By Greg Whale
No more than 1.3 in. was added to any outside dimension on the new CR-V, yet it's 3.6 in. wider inside and cargo room is up by 10 percent. It resembles an animated character from the front, yet is more angular elsewhere for space efficiency, and it's more handsome than its predecessor.
Based on the newest Civic, the CR-V uses what amounts to a stroked RSX engine (see sidebar) for a substantial gain in torque. Even in top-line EX trim, it cut almost 2 sec off the earlier CR-V's 0-60 time, and it does so smoothly enough that one driver noted, "It thinks it's a V-6." Our all-wheel-drive CR-V had a four-speed auto well matched to the powerband and exhibited no hunting or busy-ness.

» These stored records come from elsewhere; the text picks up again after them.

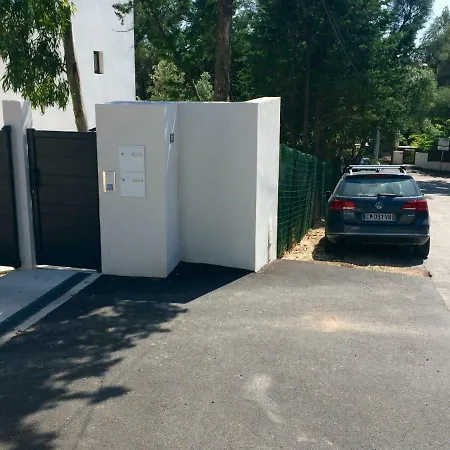 Lucienne , T2 4 Etoiles Avec Garage, Dans Les Calanques Holiday home *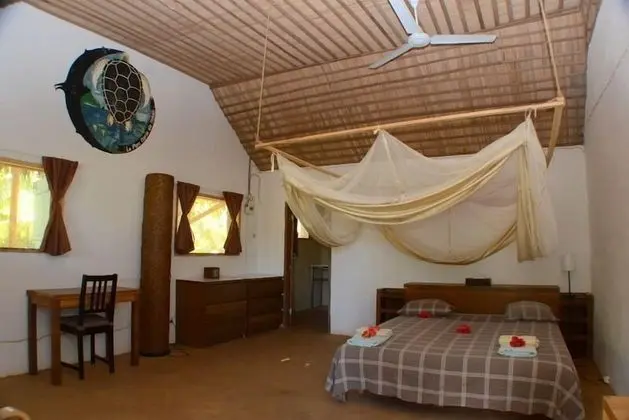 Superior Tek Büyük veya İki Ayrı Yataklı Oda, 1 Yatak Odası, Plaj Manzaralı, Denize Sıfır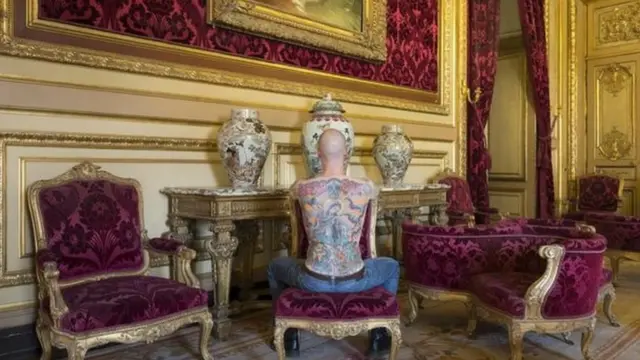 Steiner akikaa mgongo wazi ili kuunadi mchoro huo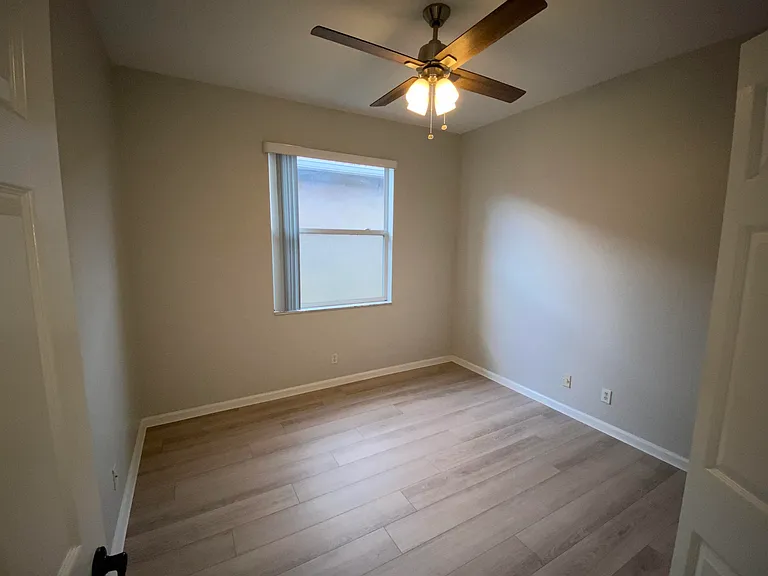 1215 Rosegate Blvd — Photo 30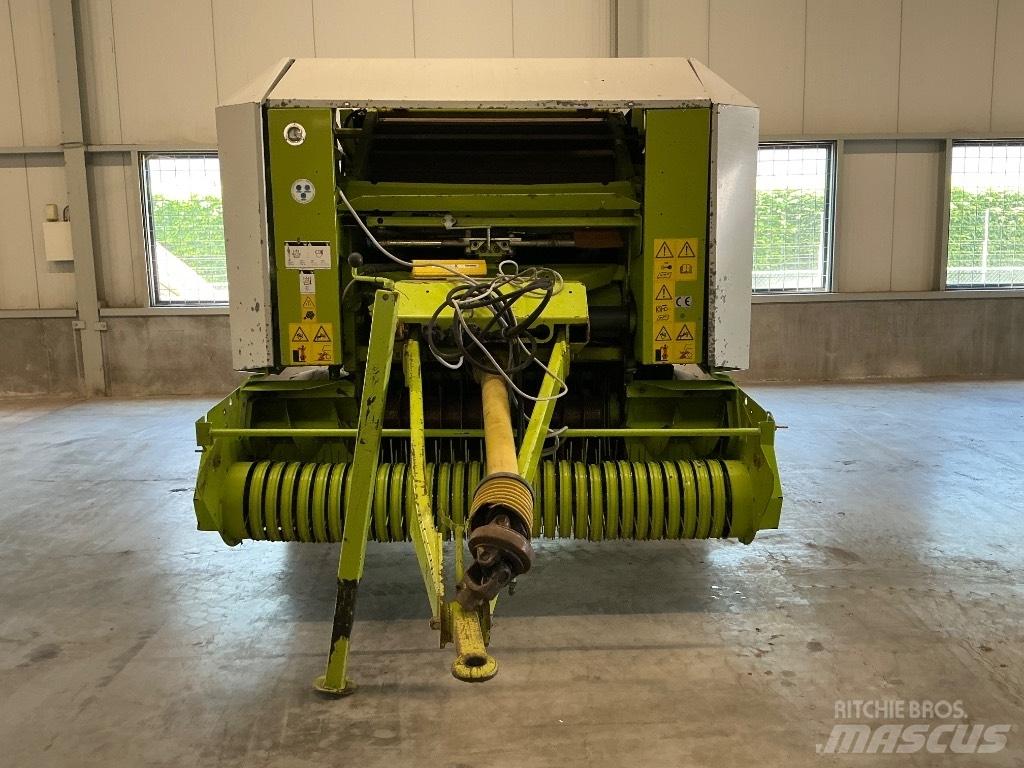 CLAAS Rollant 240 圓型牧草打包機
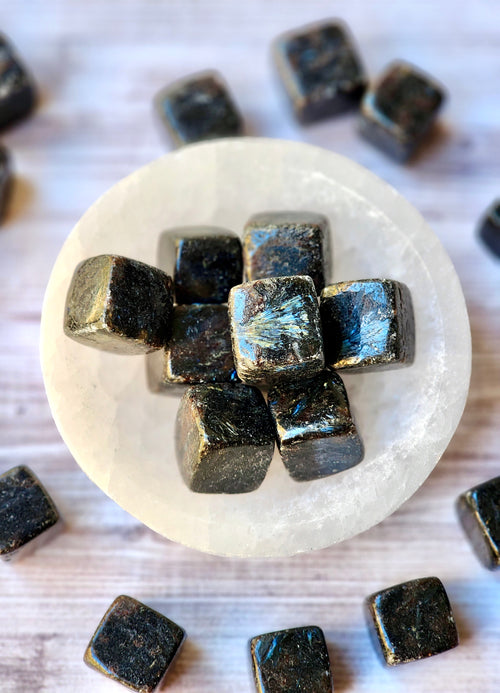 Arfvedsonite Cube Pocket Stone Specimen – Wholehearted Crystal Creations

MacPherson strut front and double-wishbone rear suspension offered crisp turn-in, good ride/handling compromise, and stability under braking; the only rear discs of this quartet kept braking confident under heavy load. Ultimate grip is limited by the narrowest 15-in. tires, and the AWD system proved effective and quick to react. When pushed on a track, the CR-V tended to oversteer, yet in spirited street driving no fault is found in driving dynamics.
What the CR-V may lack in sport, it handily makes up for in utility. There's decent seating for five, and the flat floor allows you to walk between the front seats to stay out of the rain, although we all wished the driver seat had more rear travel. The split rear seats slide almost 7 in., recline 45*, fold forward without removing headrests, and when stowed, two mountain bikes will stand in the cargo area. Where the spare would normally be found is a waterproof well for muddy camp stuff or wet beach towels, and the top to this compartment is the removable 30x33-in. picnic table.
There are storage areas (21 in all) everywhere, though those in the dash don't hold CDs. The shifter is mounted to the dash, not the column, so it takes some familiarizing and doesn't lend itself well to manual shifting, yet the parking-brake lever is well integrated. Automatics have a flip-up table between the front seats, the air-conditioning is effective and quiet, and it's easy to see the radio. Apart from some rear-tire/road-noise creeping in, it's an other wise quiet and comfortable cabin. EX standards include side airbags, six-disc in-dash CD, and a power moonroof switch by the mirrors where kids can't get to it.
If the new CR-V comes in priced anywhere near the old one, expect it to remain a good seller.